▶ [GOAL OF THE EXERCISE] Could you transcribe exactly the lines below, from the line with "Red ZigZag Split" through the line with "Exes Table Round", and nothing else, leaving out the pictures?

▶ [DATASET EXTRACT]

────────────────────

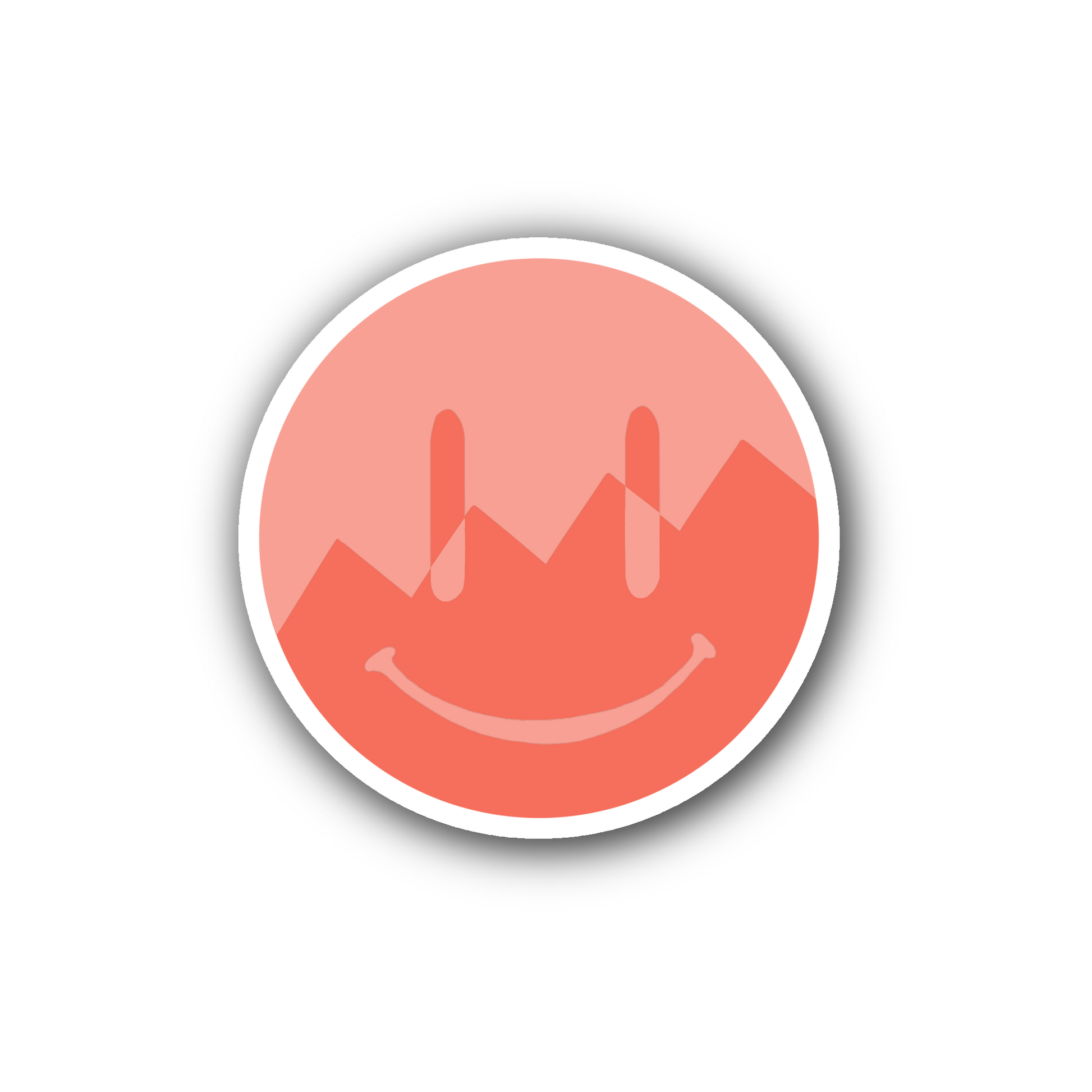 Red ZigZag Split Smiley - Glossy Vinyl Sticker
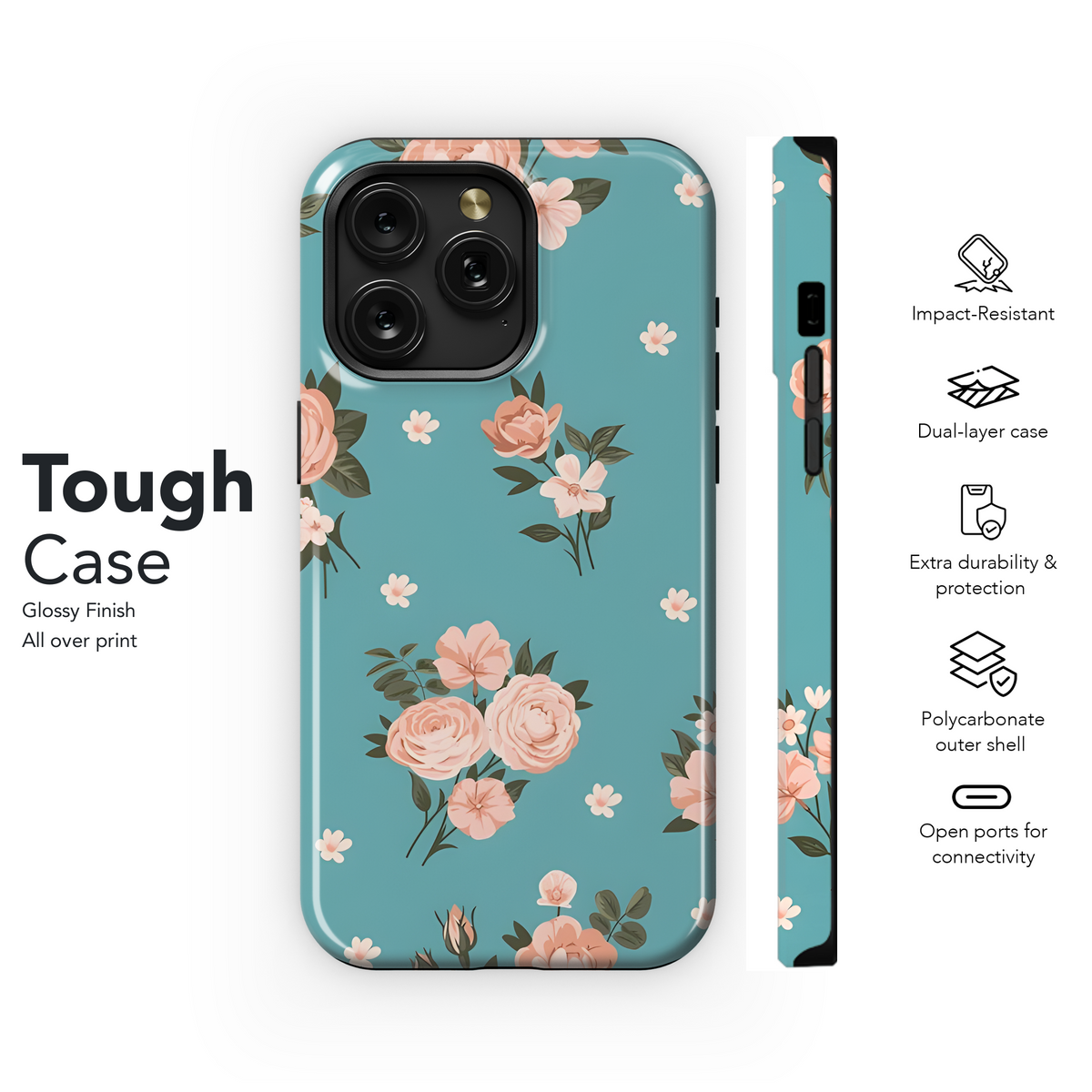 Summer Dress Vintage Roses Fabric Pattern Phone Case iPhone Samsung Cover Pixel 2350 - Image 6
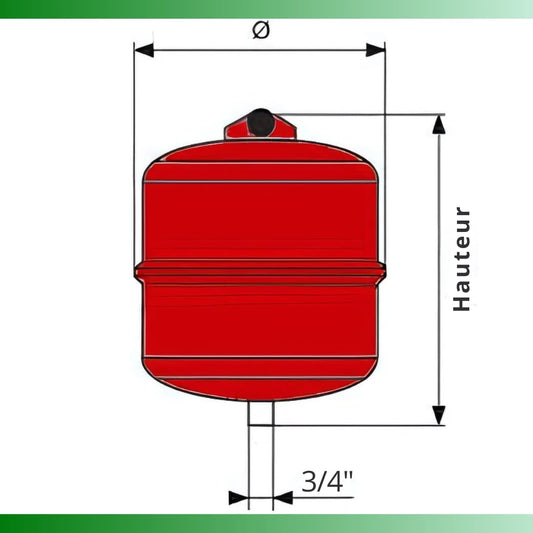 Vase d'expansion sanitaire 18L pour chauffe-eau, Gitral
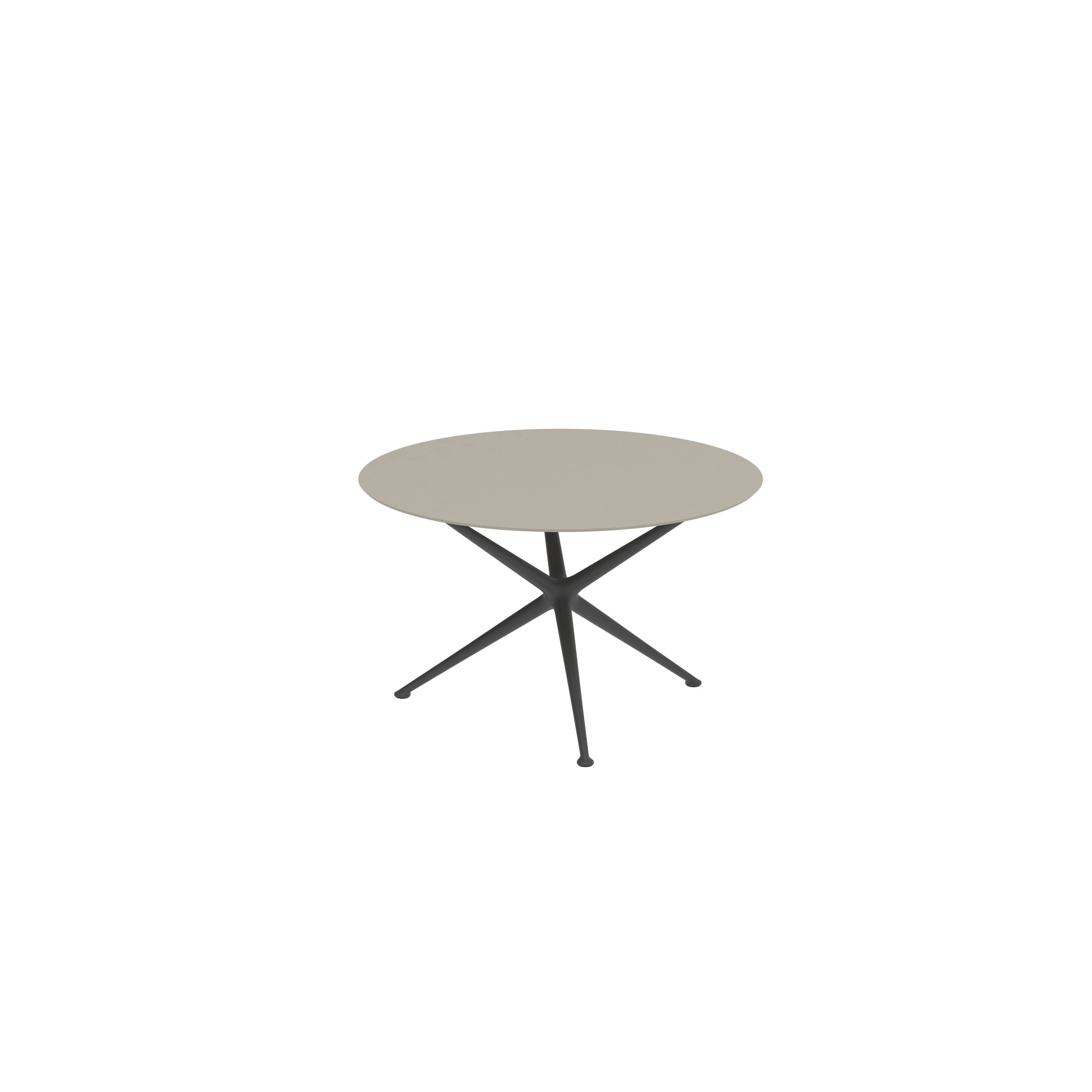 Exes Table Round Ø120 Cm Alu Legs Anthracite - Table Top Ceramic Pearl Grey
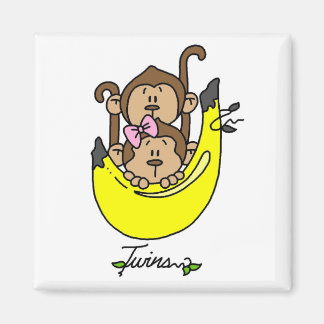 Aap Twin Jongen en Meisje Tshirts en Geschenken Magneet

────────────────────

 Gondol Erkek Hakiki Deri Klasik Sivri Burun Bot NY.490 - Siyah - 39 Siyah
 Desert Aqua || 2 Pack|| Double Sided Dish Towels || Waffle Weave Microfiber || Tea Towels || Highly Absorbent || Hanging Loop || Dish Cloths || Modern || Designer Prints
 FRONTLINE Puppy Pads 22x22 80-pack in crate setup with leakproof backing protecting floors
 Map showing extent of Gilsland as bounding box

────────────────────

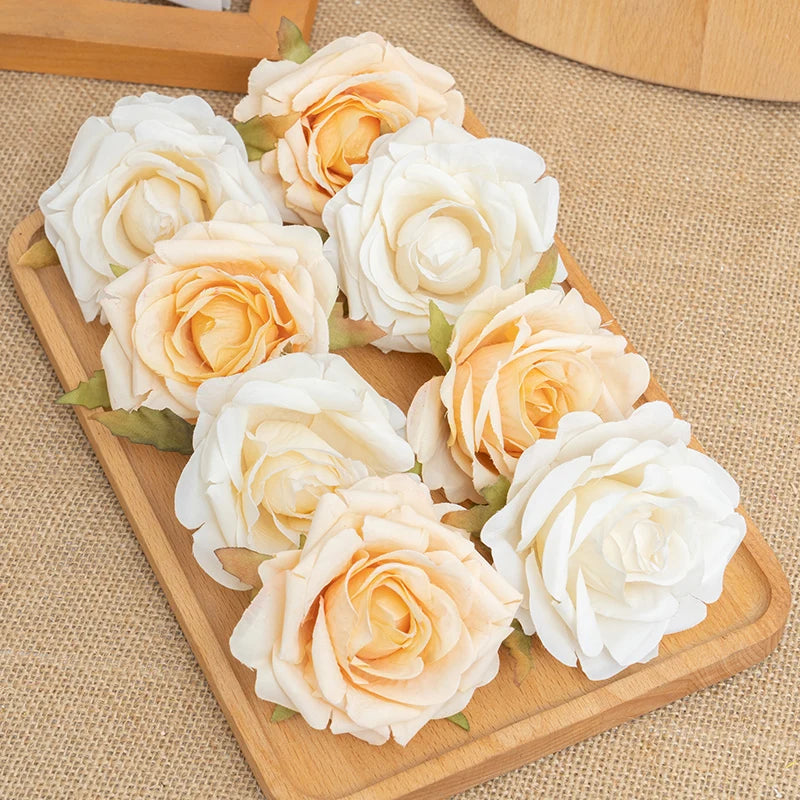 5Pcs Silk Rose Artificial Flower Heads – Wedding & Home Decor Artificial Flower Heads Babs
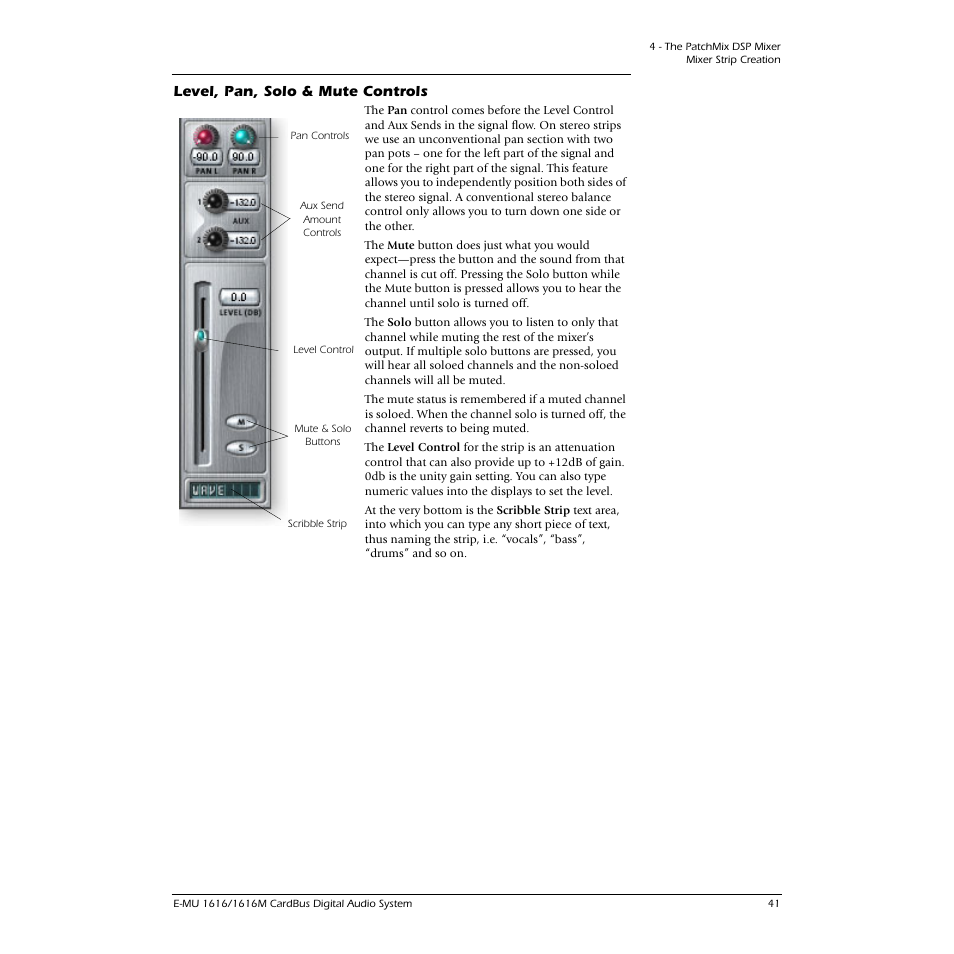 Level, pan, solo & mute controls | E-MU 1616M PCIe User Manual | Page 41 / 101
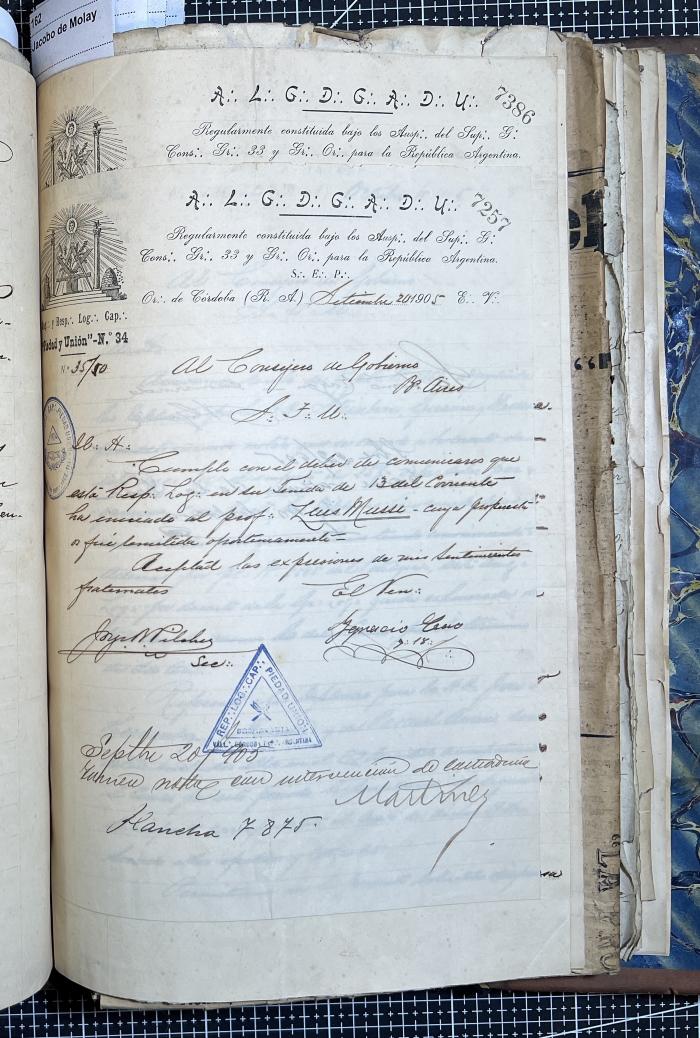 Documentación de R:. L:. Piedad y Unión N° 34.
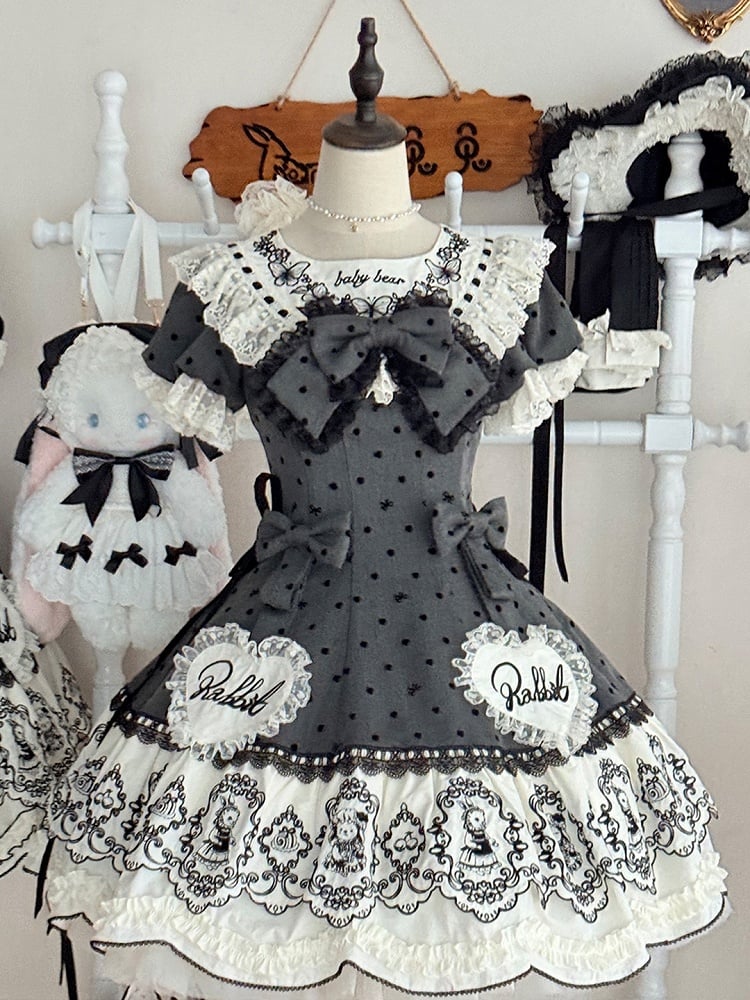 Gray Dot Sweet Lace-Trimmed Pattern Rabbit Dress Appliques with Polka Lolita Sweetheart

────────────────────

▶ [ANSWER SPACE]
 Red ZigZag Split Smiley - Glossy Vinyl Sticker
 Summer Dress Vintage Roses Fabric Pattern Phone Case iPhone Samsung Cover Pixel 2350 - Image 6
 Vase d'expansion sanitaire 18L pour chauffe-eau, Gitral
 Exes Table Round Ø120 Cm Alu Legs Anthracite - Table Top Ceramic Pearl Grey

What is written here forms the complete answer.